Some of the lines below need repeating. Reproduce exactly those between the lines holding "Bride descends stairs" and "Child wearing a mask", inclusive.
----- INPUT DATA
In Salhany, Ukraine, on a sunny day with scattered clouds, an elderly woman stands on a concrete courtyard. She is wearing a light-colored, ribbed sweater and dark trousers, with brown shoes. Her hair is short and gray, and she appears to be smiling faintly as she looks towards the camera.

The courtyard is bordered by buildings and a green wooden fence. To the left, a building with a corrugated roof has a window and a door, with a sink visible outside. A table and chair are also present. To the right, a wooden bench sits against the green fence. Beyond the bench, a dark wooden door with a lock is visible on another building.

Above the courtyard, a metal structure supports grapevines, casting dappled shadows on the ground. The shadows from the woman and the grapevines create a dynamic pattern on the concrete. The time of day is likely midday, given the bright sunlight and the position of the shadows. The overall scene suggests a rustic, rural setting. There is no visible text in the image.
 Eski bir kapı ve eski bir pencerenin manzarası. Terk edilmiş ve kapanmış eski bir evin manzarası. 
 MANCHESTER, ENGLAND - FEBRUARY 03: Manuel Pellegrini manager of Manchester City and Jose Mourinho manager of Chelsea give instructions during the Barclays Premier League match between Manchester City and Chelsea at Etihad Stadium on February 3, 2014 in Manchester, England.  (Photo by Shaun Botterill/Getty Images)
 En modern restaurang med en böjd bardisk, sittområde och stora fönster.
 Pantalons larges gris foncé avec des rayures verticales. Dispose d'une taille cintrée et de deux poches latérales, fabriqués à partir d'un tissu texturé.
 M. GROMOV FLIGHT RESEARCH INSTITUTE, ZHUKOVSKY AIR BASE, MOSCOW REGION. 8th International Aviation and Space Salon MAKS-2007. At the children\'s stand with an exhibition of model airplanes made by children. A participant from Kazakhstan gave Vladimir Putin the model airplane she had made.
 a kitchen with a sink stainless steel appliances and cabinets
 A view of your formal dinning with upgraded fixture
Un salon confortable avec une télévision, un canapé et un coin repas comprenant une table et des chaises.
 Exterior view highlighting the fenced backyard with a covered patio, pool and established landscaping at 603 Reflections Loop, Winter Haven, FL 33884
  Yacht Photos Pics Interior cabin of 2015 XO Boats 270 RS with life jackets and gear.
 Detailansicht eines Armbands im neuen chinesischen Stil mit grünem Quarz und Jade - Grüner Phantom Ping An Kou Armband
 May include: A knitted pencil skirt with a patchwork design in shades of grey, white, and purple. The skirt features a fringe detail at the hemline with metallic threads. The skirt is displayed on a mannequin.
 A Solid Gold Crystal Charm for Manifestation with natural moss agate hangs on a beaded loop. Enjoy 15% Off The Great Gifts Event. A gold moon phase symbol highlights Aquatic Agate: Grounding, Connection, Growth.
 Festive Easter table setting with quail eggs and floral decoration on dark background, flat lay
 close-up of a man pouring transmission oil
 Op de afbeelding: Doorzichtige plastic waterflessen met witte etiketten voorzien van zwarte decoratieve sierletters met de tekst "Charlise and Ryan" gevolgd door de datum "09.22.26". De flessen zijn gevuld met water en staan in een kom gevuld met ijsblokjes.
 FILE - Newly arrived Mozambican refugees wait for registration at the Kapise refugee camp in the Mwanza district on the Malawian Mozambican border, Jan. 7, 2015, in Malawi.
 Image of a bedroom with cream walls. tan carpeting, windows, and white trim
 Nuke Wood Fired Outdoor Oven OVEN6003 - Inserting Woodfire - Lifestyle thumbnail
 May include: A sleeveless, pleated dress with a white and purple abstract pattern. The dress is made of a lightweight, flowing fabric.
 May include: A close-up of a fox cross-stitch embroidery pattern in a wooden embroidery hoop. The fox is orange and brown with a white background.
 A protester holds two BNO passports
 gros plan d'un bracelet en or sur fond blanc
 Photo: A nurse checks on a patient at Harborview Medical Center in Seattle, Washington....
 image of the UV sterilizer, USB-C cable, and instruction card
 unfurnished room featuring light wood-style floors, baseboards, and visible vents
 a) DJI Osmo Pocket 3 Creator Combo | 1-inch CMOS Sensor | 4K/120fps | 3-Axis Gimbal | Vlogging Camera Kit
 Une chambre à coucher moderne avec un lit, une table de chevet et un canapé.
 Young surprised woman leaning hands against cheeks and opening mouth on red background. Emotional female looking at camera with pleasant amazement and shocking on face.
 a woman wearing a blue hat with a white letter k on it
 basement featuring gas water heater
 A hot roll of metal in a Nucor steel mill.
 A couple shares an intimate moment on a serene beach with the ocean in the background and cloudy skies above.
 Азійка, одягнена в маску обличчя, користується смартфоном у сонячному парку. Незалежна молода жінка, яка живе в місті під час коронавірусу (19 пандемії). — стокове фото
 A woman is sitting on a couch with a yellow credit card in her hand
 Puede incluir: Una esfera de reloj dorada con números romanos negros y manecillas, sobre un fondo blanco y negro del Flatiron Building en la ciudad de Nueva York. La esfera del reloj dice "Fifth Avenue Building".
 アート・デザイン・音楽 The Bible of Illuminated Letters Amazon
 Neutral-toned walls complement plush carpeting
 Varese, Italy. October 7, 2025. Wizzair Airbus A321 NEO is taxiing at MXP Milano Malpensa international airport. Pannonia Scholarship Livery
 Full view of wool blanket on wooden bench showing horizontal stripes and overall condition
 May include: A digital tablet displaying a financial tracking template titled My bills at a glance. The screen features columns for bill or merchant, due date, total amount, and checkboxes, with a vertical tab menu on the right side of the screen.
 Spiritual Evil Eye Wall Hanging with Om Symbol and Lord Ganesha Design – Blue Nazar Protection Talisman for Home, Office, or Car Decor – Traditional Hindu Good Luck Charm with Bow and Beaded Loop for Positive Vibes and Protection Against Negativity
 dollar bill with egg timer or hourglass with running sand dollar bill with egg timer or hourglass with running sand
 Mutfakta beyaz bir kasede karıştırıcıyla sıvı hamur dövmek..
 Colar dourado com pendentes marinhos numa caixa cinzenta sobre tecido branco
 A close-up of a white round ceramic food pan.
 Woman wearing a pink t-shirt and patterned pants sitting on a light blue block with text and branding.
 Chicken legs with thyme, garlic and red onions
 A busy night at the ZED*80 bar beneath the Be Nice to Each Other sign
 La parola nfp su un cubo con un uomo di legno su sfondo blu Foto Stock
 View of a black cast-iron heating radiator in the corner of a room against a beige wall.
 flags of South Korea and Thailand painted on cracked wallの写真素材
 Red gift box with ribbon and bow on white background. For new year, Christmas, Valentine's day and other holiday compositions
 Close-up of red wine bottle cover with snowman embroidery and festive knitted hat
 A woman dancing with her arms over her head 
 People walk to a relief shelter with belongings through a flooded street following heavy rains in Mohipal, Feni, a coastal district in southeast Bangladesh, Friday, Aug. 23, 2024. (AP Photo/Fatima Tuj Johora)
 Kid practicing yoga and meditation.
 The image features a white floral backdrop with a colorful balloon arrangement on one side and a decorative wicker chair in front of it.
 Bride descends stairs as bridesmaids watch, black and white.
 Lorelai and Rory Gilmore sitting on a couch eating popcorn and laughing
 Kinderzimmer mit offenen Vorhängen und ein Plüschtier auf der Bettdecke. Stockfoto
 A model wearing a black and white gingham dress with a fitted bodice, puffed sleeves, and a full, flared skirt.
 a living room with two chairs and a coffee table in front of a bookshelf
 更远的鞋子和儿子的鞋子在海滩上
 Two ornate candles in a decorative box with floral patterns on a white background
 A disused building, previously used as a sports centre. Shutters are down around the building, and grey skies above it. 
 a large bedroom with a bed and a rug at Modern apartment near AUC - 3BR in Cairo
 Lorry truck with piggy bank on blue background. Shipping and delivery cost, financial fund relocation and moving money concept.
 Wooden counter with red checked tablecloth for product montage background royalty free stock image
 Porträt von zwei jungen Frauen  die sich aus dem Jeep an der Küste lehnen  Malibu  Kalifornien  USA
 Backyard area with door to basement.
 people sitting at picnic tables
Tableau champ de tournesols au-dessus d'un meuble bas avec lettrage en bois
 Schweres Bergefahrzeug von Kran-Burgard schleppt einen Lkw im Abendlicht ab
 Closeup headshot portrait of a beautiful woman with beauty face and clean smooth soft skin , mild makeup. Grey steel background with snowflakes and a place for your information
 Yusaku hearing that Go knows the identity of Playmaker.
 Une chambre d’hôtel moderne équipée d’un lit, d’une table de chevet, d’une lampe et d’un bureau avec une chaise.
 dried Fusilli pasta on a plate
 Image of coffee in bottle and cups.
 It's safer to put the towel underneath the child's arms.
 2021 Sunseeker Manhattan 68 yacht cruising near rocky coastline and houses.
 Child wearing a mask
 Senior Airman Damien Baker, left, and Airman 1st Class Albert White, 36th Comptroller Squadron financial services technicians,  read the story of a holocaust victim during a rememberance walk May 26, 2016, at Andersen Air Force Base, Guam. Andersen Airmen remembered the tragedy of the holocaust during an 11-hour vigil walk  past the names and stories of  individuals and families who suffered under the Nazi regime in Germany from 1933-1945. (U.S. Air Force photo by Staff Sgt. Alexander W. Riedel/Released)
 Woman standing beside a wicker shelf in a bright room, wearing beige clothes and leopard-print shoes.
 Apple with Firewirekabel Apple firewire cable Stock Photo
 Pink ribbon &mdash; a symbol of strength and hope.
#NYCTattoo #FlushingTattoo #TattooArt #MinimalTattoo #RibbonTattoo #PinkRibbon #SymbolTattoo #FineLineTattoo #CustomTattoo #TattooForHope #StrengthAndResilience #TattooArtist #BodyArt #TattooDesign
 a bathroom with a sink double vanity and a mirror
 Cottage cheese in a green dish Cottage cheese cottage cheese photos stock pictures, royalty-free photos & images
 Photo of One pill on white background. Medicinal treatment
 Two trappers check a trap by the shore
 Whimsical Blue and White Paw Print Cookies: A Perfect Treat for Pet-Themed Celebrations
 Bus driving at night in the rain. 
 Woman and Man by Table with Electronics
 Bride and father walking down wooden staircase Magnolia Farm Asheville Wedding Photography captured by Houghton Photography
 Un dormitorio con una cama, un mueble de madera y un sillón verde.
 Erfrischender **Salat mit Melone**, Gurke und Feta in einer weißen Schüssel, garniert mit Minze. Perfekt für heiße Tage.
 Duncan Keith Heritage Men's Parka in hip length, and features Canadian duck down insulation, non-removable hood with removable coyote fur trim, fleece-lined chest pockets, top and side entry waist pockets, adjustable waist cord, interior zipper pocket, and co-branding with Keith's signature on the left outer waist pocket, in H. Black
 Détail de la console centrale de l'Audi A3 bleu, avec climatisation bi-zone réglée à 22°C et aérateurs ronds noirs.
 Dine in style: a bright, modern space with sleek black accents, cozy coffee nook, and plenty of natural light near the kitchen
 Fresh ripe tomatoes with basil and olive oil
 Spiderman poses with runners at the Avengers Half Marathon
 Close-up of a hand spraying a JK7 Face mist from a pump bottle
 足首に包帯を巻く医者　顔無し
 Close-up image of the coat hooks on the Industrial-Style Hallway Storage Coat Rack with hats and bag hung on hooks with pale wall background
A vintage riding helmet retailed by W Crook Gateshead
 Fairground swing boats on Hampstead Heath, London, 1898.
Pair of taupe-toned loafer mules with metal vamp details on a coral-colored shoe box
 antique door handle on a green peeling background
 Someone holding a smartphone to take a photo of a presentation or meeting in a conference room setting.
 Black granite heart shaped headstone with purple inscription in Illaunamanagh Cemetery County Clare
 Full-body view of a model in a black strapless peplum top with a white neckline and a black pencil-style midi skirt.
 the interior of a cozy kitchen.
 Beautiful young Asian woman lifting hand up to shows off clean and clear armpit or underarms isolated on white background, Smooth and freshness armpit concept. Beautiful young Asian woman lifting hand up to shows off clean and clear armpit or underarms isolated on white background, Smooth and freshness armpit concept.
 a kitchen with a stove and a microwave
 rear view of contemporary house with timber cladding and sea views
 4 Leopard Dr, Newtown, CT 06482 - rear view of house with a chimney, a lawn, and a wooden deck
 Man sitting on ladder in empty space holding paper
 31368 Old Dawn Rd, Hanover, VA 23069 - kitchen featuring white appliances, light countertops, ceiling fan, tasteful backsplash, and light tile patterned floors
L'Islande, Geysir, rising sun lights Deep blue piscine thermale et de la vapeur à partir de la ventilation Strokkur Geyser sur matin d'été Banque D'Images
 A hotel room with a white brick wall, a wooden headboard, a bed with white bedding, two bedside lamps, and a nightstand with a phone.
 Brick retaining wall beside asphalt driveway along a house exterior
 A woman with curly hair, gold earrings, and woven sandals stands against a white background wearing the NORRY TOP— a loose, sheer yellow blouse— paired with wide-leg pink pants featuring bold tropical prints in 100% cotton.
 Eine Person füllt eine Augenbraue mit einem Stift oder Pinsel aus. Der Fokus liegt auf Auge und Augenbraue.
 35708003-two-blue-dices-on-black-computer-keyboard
----------
→ FINISHED EXERCISE
 Bride descends stairs as bridesmaids watch, black and white.
 Lorelai and Rory Gilmore sitting on a couch eating popcorn and laughing
 Kinderzimmer mit offenen Vorhängen und ein Plüschtier auf der Bettdecke. Stockfoto
 A model wearing a black and white gingham dress with a fitted bodice, puffed sleeves, and a full, flared skirt.
 a living room with two chairs and a coffee table in front of a bookshelf
 更远的鞋子和儿子的鞋子在海滩上
 Two ornate candles in a decorative box with floral patterns on a white background
 A disused building, previously used as a sports centre. Shutters are down around the building, and grey skies above it. 
 a large bedroom with a bed and a rug at Modern apartment near AUC - 3BR in Cairo
 Lorry truck with piggy bank on blue background. Shipping and delivery cost, financial fund relocation and moving money concept.
 Wooden counter with red checked tablecloth for product montage background royalty free stock image
 Porträt von zwei jungen Frauen  die sich aus dem Jeep an der Küste lehnen  Malibu  Kalifornien  USA
 Backyard area with door to basement.
 people sitting at picnic tables
Tableau champ de tournesols au-dessus d'un meuble bas avec lettrage en bois
 Schweres Bergefahrzeug von Kran-Burgard schleppt einen Lkw im Abendlicht ab
 Closeup headshot portrait of a beautiful woman with beauty face and clean smooth soft skin , mild makeup. Grey steel background with snowflakes and a place for your information
 Yusaku hearing that Go knows the identity of Playmaker.
 Une chambre d’hôtel moderne équipée d’un lit, d’une table de chevet, d’une lampe et d’un bureau avec une chaise.
 dried Fusilli pasta on a plate
 Image of coffee in bottle and cups.
 It's safer to put the towel underneath the child's arms.
 2021 Sunseeker Manhattan 68 yacht cruising near rocky coastline and houses.
 Child wearing a mask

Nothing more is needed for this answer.